Booty taken in the innumerable raids typical of frontier warfare was a means of enriching oneself or of attaining higher status. A footsoldier who captured a horse and became a mounted warrior, for example, altered his situation permanently. The capture of enemy arms also replenished the store of weapons. The spoils of war contributed mightily to the economic growth of frontier towns. Nevertheless, the evidence can hardly be quantified, as the chronicles speak in general terms of booty taken. The Toledan militia, after routing the kings of Córdoba and Seville, “took a lot of gold and silver, royal standards, precious vestments, excellent arms, chain mail, helmets, shields, excellent horses with their saddles, and mules and camels laden with great riches.” The day before Las Navas Archbishop Rodrigo threatened with excommunication anyone who abandoned pursuit of the enemy to gather booty. The Almohads left behind “gold, silver, precious garments, silk hangings, and many other precious ornaments, as well as a lot of money and precious vases,” besides camels and other animals, and tents; Alfonso VIII sent the caliph’s tent to the pope and the tent flap to Las Huelgas de Burgos.

Quarrels inevitably erupted concerning the disposal of booty. The municipal fueros, however, stipulated that booty was communal property and prescribed an elaborate process for distribution. Everything was gathered and recorded under the supervision of quadrilleros representing municipal parishes. An auction was held, usually in the town square, under the presidency of the principal magistrate, and the money realized was apportioned among the victors. First, however, families were compensated for the loss of a relative, a horse, another animal, or equipment. Next, muncipal officials who had served with the militia were paid, and those who had distinguished themselves in combat were rewarded. A fifth of all booty, owed to the king as a sign of sovereignty, was in effect a form of taxation that enabled him to execute his functions. At times he consigned a portion to the Military Orders. Once these claims were satisfied the remainder was distributed among the rank and file. People who provided animals or equipment, archers, commanders, surgeons, chaplains, and clerks received additional shares because of their special contributions. The mayordomo mayor had the responsibility for supervising the distribution of booty taken by a royal army; each man was compensated according to the number of men, arms, and animals that he brought to the campaign.
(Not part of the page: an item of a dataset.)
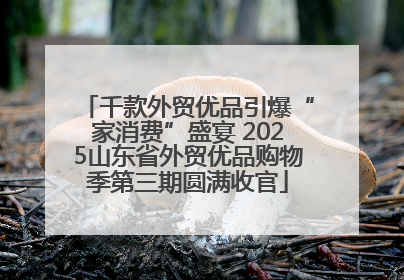 千款外贸优品引爆“家消费”盛宴 2025山东省外贸优品购物季第三期圆满收官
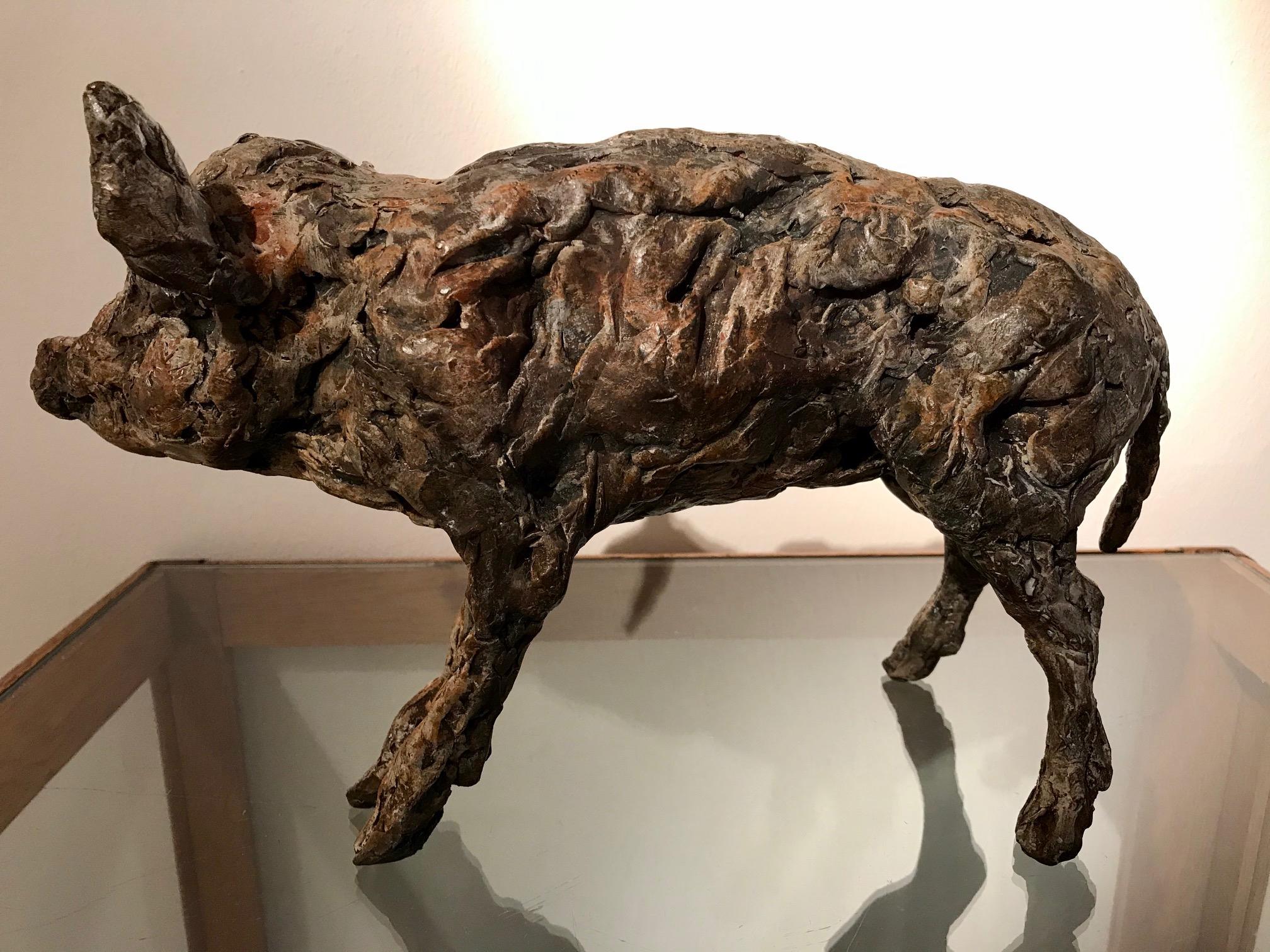 ''Boar Baby'', Contemporary Bronze Sculpture Portrait of a Boar 1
The greatest form of booty was plunder seized when a fortress surrendered. Aside from people, animals, and movable goods, there was also real estate to be distributed. In the twelfth century quadrilleros or municipal company commanders apportioned land among the soldiers planning to settle in the new community. In the thirteenth century royal partitioners assigned houses, shops, farmland, vineyards, and orchards to the conquerors in accordance with their status and contribution to victory. The most comprehensive repartimientos or books recording this distribution of property are those for Mallorca, Valencia, and Seville.
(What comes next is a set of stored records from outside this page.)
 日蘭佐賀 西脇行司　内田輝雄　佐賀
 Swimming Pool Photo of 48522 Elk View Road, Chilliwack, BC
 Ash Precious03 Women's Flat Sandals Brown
Casualties and Ransoming Captives

Casualties were a consequence of all military actions. Numbers were sometimes reasonably stated, but Alfonso VIII’s assertion that 100,000 Muslims died at Las Navas was a gross exaggeration; equally absurd is his statement that only twenty-five or thirty Christians were killed. Physicians and surgeons often accompanied militia forces and were paid specific fees for treating the wounded. The latter were compensated for injuries and were often cared for in hospitals. In 1225 Jaime I placed all the hospitals in his realms under royal protection. The Military Orders maintained hospitals to care for their wounded. Calatrava, for example, had hospitals at Guadalerzas, Évora, Cogolludo, El Collado de Berninches, and Santa Olalla. The commander of Santa Olalla was obliged to accompany royal armies “to provide for knights and footsoldiers, both the wounded and the poor, the ill and the sick, and to take a chaplain with him to offer viaticum to the wounded, if necessary, and a master of surgery to give medicine to the wounded.” The hospitals of the Order of Santiago were situated at Toledo, Cuenca, Alarcón, Moya, Huete, Talavera, Uclés, Castrotoraf, and Salamanca.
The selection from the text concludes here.